◆ **What you have to do**: From the material below, return exactly the lines starting at the one that holds "Upptäck Chokladmilkshake Eksjö" and ending at the one that holds "Accidente en Las". Pictures stay out of the answer.

◆ **Data provided**:

+++

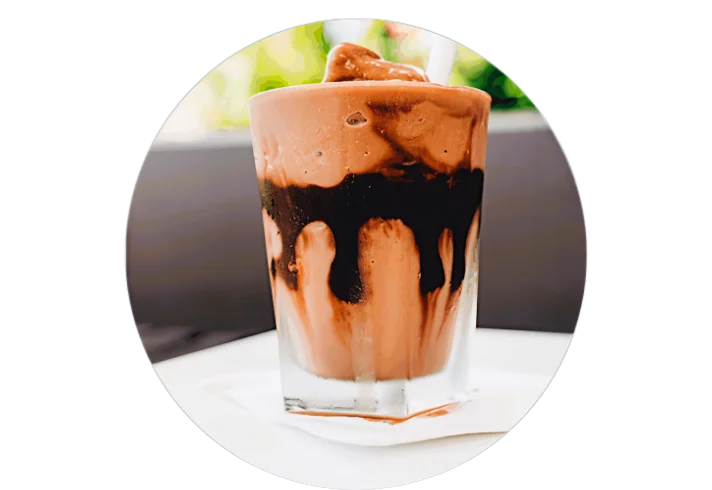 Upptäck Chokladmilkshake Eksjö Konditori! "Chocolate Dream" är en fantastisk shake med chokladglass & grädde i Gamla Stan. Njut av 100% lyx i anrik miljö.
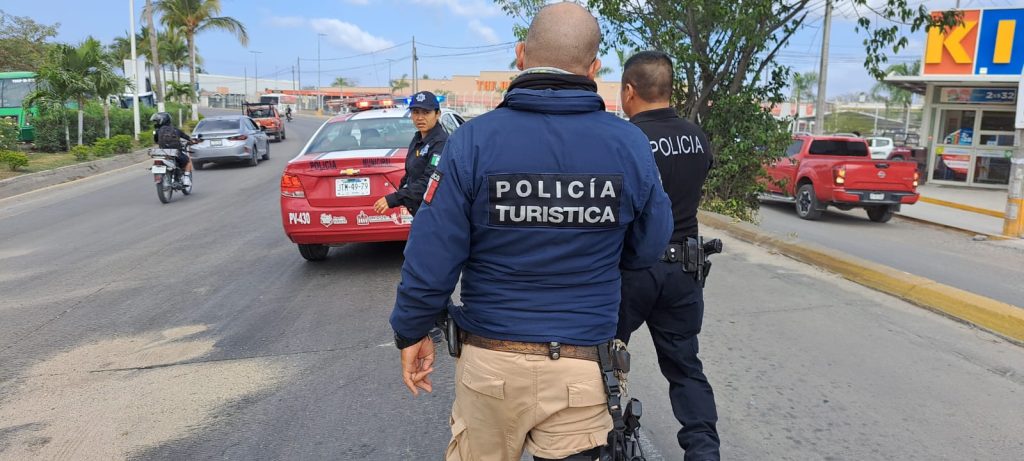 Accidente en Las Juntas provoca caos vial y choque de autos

+++

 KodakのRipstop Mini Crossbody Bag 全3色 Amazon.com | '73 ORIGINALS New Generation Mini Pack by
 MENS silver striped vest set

+++

◆ **Output for this exercise**:
 Upptäck Chokladmilkshake Eksjö Konditori! "Chocolate Dream" är en fantastisk shake med chokladglass & grädde i Gamla Stan. Njut av 100% lyx i anrik miljö.
 Accidente en Las Juntas provoca caos vial y choque de autos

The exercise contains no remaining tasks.